Read Glory and the Lightning Online
Authors: Taylor Caldwell
But still she loved and anguished after Al Taliph, and yearned for his kisses and arms.
Helena embraced Aspasia, as she had embraced her earlier, and exclaimed, “You grow more entrancing every moment, my dear friend! Behold! Pericles, son of Xanthippus, Head of State, has deigned to grace our dinner tonight. I have told you much of him.” She glanced humorously at Pericles, who took Aspasia’s hand, bowing, and kissed it.

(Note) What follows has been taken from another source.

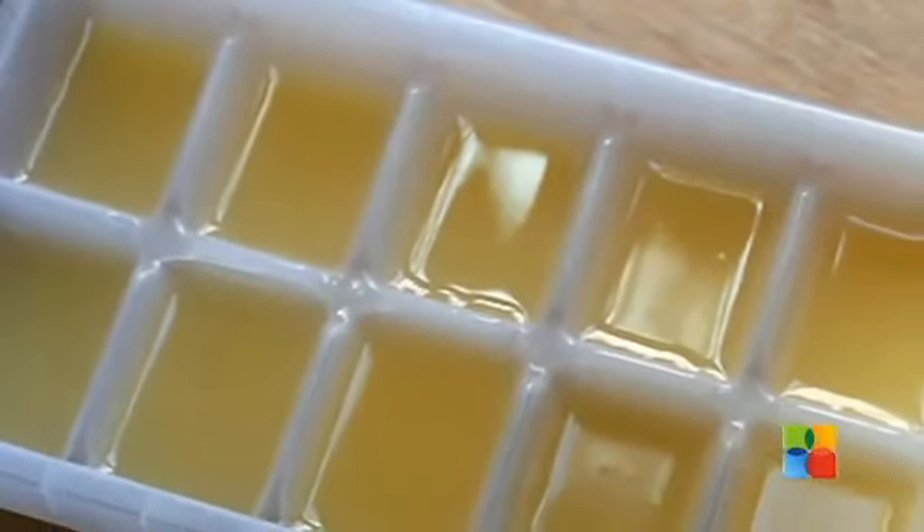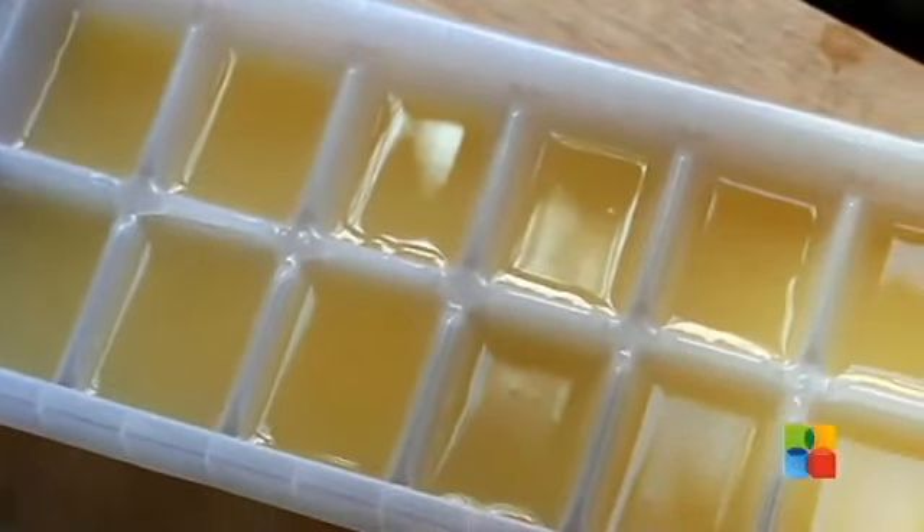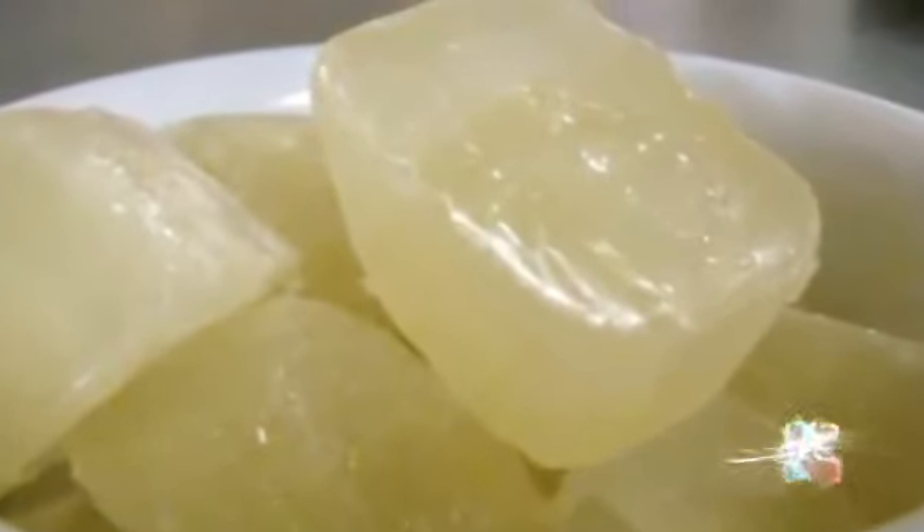You can also make lemon cubes by freezing them in ice cube trays. When you are ready to use the juice, remove the number of cubes you require and defrost them. Simple.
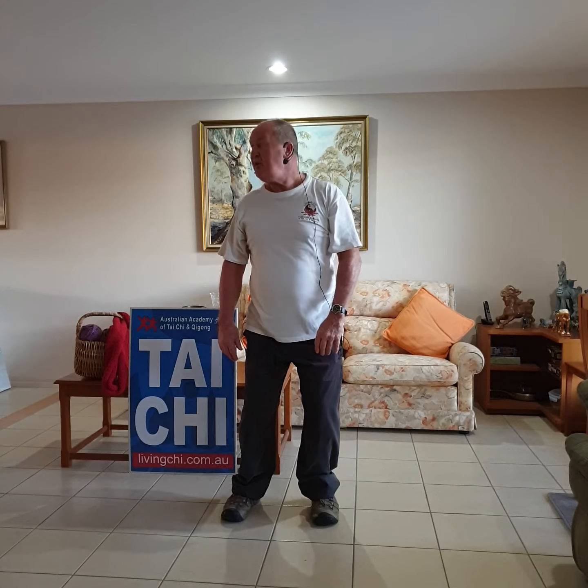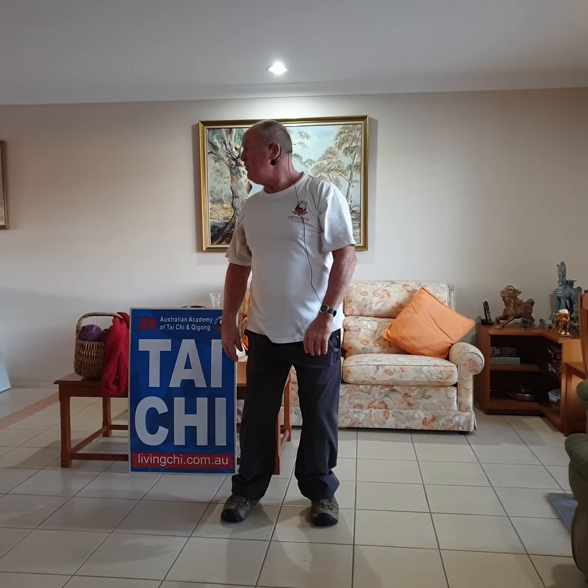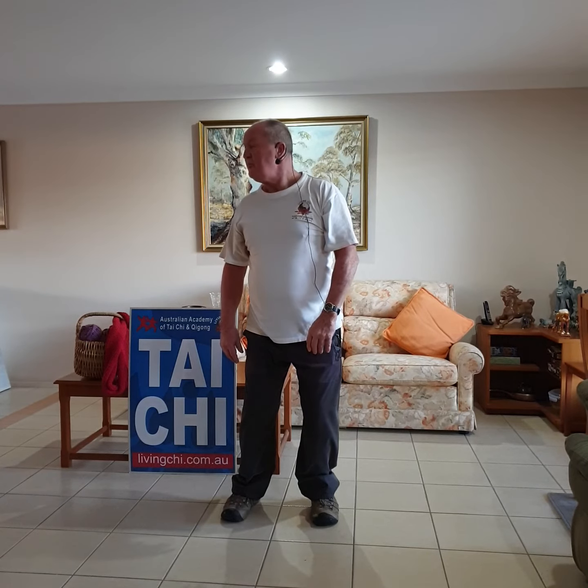Important to relax the shoulders. And then gently taking the head over to the right-hand side. We breathe out again. Breathing in, and breathing out.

“Rumor has not lied of you, Lady,” he said, and she was pleased by his eloquent voice.
“Of what has it said concerning me?” she asked, and he saw the bright watery lights in her eyes dancing.
“Only that which was laudatory,” he replied. He still held her hand and smiled down at her.
“You are gracious, lord,” she said. “But I do not believe you.” He saw that she had a mischievous look, almost saucy, and that she suddenly appeared as a young girl. He held her hand tighter, when she tried to withdraw it. She frowned slightly and her smile disappeared. She felt a tremor through her body; where his lips had touched her hand there was a burning, a smarting, which ran up her arm. She had not felt this for two years and she was frightened. She was confused; she saw the pallor of his eyes and knew him to be inexorable, and all at once she was excited and the tremor was stronger in her flesh.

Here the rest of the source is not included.